(Records drawn from a dataset)
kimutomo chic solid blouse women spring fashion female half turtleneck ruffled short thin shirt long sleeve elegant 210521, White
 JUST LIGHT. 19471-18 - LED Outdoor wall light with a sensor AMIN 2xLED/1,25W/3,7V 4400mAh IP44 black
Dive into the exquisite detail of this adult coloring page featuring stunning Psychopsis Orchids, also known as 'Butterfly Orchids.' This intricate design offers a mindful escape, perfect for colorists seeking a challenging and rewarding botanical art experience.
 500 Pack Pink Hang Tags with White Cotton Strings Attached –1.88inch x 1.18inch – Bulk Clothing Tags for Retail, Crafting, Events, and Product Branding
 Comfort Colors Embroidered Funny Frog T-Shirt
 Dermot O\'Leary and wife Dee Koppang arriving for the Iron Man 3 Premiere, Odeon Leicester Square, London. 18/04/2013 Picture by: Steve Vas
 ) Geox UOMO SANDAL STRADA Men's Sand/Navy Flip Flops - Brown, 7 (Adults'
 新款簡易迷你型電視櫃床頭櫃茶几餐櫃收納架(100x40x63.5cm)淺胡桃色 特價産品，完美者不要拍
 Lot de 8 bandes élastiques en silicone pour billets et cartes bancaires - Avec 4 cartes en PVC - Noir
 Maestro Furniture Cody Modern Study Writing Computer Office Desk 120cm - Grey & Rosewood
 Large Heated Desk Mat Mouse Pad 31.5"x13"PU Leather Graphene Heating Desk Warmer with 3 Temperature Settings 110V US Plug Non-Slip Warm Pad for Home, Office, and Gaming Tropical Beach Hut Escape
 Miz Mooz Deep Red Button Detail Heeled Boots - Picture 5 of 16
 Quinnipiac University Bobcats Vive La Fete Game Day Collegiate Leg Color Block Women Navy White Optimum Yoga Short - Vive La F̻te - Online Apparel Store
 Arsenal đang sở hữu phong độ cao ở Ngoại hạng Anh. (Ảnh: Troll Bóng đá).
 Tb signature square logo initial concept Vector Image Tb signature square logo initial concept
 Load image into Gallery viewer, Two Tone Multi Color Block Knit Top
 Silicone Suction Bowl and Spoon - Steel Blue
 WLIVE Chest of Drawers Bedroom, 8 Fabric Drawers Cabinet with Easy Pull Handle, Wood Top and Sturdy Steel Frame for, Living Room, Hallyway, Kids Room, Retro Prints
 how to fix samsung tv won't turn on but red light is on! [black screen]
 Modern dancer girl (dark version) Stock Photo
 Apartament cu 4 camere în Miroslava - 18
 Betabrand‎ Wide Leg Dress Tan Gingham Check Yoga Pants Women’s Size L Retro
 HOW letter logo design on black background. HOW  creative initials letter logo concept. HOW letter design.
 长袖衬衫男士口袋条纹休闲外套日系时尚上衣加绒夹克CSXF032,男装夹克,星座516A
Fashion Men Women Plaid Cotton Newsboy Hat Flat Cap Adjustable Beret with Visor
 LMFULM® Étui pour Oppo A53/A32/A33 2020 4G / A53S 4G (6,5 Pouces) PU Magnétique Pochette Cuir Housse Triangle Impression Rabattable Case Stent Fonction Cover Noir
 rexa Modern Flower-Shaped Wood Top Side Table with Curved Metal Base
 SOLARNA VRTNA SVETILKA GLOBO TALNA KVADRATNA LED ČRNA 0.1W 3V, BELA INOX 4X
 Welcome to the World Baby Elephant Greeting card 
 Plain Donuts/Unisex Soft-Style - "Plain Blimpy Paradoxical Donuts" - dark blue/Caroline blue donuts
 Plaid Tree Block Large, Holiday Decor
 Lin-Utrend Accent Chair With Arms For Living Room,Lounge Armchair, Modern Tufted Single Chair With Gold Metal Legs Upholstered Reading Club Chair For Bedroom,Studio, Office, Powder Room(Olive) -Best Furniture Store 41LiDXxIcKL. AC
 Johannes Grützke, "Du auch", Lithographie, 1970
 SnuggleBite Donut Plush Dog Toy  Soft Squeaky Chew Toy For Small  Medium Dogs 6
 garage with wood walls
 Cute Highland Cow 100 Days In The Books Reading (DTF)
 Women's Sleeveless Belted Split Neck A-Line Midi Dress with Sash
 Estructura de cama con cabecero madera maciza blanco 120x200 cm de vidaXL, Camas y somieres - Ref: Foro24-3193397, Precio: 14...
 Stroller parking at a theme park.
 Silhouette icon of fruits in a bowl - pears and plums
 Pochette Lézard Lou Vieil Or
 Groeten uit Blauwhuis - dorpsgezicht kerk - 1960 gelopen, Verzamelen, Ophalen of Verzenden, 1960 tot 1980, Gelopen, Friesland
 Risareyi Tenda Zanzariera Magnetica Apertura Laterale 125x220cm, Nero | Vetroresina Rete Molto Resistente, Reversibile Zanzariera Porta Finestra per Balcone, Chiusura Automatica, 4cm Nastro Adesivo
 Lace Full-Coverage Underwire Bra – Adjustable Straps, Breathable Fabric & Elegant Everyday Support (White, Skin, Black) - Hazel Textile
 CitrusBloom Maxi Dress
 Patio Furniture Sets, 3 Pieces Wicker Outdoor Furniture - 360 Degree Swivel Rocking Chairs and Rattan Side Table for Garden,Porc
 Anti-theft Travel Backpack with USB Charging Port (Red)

• [Work request]
Nothing but the lines from the line that contains "Welcome to the" to the last line of the records above should appear in the answer; please copy them exactly.

• [Finished task]
 Welcome to the World Baby Elephant Greeting card 
 Plain Donuts/Unisex Soft-Style - "Plain Blimpy Paradoxical Donuts" - dark blue/Caroline blue donuts
 Plaid Tree Block Large, Holiday Decor
 Lin-Utrend Accent Chair With Arms For Living Room,Lounge Armchair, Modern Tufted Single Chair With Gold Metal Legs Upholstered Reading Club Chair For Bedroom,Studio, Office, Powder Room(Olive) -Best Furniture Store 41LiDXxIcKL. AC
 Johannes Grützke, "Du auch", Lithographie, 1970
 SnuggleBite Donut Plush Dog Toy  Soft Squeaky Chew Toy For Small  Medium Dogs 6
 garage with wood walls
 Cute Highland Cow 100 Days In The Books Reading (DTF)
 Women's Sleeveless Belted Split Neck A-Line Midi Dress with Sash
 Estructura de cama con cabecero madera maciza blanco 120x200 cm de vidaXL, Camas y somieres - Ref: Foro24-3193397, Precio: 14...
 Stroller parking at a theme park.
 Silhouette icon of fruits in a bowl - pears and plums
 Pochette Lézard Lou Vieil Or
 Groeten uit Blauwhuis - dorpsgezicht kerk - 1960 gelopen, Verzamelen, Ophalen of Verzenden, 1960 tot 1980, Gelopen, Friesland
 Risareyi Tenda Zanzariera Magnetica Apertura Laterale 125x220cm, Nero | Vetroresina Rete Molto Resistente, Reversibile Zanzariera Porta Finestra per Balcone, Chiusura Automatica, 4cm Nastro Adesivo
 Lace Full-Coverage Underwire Bra – Adjustable Straps, Breathable Fabric & Elegant Everyday Support (White, Skin, Black) - Hazel Textile
 CitrusBloom Maxi Dress
 Patio Furniture Sets, 3 Pieces Wicker Outdoor Furniture - 360 Degree Swivel Rocking Chairs and Rattan Side Table for Garden,Porc
 Anti-theft Travel Backpack with USB Charging Port (Red)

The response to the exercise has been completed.